"But which Division should my designs be for?" you ask. Again, you don't know. You should have at least one design in each division, and a few extra in Division 15. Division 15 is a price limit where you can build a decent car, but it still presents a challenge. If you are really serious about your duelling, you should have several designs in each division. Have a variety of cars to choose from, such as a fast car with good HC for a racetrack arena, or a car with extra ammunition for scenarios with many participants, etc. Playtest your designs before the con to find their strengths and weaknesses. This may sound like a lot of work and bother, but to those who really want to win it won't be that hard. And it will be worth it when you watch your adversaries scramble to work up a design a few minutes before the round.

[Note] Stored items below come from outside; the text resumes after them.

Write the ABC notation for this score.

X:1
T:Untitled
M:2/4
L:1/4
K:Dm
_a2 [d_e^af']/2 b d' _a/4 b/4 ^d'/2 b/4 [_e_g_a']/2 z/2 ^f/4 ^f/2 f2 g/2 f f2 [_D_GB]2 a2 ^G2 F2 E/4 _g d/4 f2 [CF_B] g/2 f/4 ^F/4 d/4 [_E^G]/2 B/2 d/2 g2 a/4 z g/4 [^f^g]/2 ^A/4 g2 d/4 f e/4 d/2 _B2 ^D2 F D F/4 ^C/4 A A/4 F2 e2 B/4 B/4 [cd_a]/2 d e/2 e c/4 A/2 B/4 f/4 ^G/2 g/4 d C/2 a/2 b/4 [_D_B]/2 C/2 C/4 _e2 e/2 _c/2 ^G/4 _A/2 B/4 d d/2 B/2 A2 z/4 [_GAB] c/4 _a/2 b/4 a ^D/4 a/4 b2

When you are designing your vehicles, be sure to make them ready for anything. Often when you only play with certain friends, your vehicle designs will be styled to fit how they play. For example, if your friends never shoot at turrets, you put very little armour on top. At the con, though, your friends aren't the only ones who will be there, and you may run across some character who only shoots at turrets. You should always carry a fire extinguisher or fireproof armour, because you never know if someone might be using flamethrowers or lasers until combat starts, and by then it is too late. Bring enough vehicle design material and sheets in order to be ready for any scenario that may be thrust upon you, especially in the later rounds.
If you are carrying hand weapons, don't forget about them. A well-aimed blast from an SMG, grenade or even light pistol can save the day when your vehicle weapons are out, or can't hit.

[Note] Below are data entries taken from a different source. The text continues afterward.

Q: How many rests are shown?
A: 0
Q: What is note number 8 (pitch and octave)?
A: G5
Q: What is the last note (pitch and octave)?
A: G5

If you are driving a compact or sub-compact car, don't forget the additional -1 for firing at the body of the car. This modifier is often forgotten but it can save a lot of wear and tear on a smaller duellist.

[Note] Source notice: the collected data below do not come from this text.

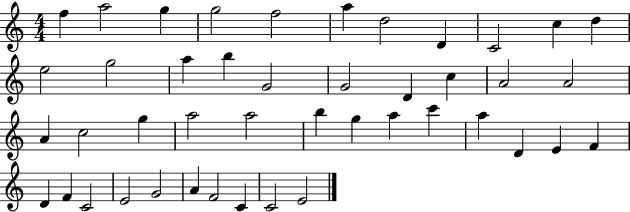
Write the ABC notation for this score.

X:1
T:Untitled
M:4/4
L:1/4
K:C
f a2 g g2 f2 a d2 D C2 c d e2 g2 a b G2 G2 D c A2 A2 A c2 g a2 a2 b g a c' a D E F D F C2 E2 G2 A F2 C C2 E2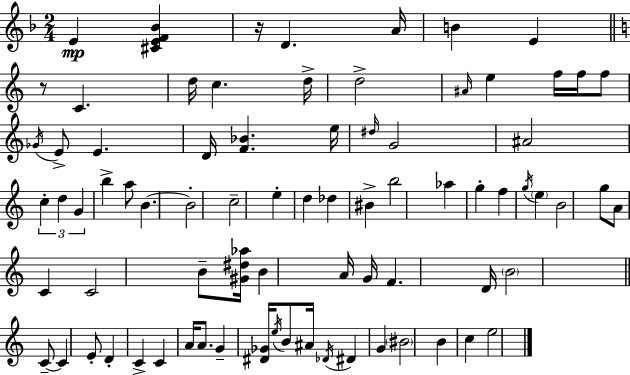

Making deals or agreements with other players may or may not be allowed. Ask the referee if you can make any deals before you do. Also remember that there is no guarantee that your "partner" won't plug a shot into you when given the chance, or vice versa.
Unfortunately, there are a few dishonest duellists out there, and/or some who don't design correctly or keep proper records. During combat, keep track of everyone's shots and damage sustained. If you suspect someone of cheating, ask the referee to check it out, and don't get prematurely angry at anyone. Cheating and/or making mistakes during vehicle design is especially easy. At a well run tournament, the referee will check all designs before combat. If he doesn't, pay attention to your opponent's car during combat. if it has enormous amounts of armour coupled with heavy firepower and fast acceleration, you can bet there is something fishy with the design.
Your referee is the one who determines what is right and settles questionable situations. Before the round starts, ask any questions that you may have, such as if you can use weapons from ADQ, or if you can hide mines in smoke. Many of your favourite tricks you've developed in your home group may be illegal on other players' groups. If you have any doubts, it's better to ask the referee in private before the action starts than to get into an argument in the middle of the game. And be sure to carry the rulebooks with you, so you can quickly check things out for yourself.
Good luck, and may you always make your control roll!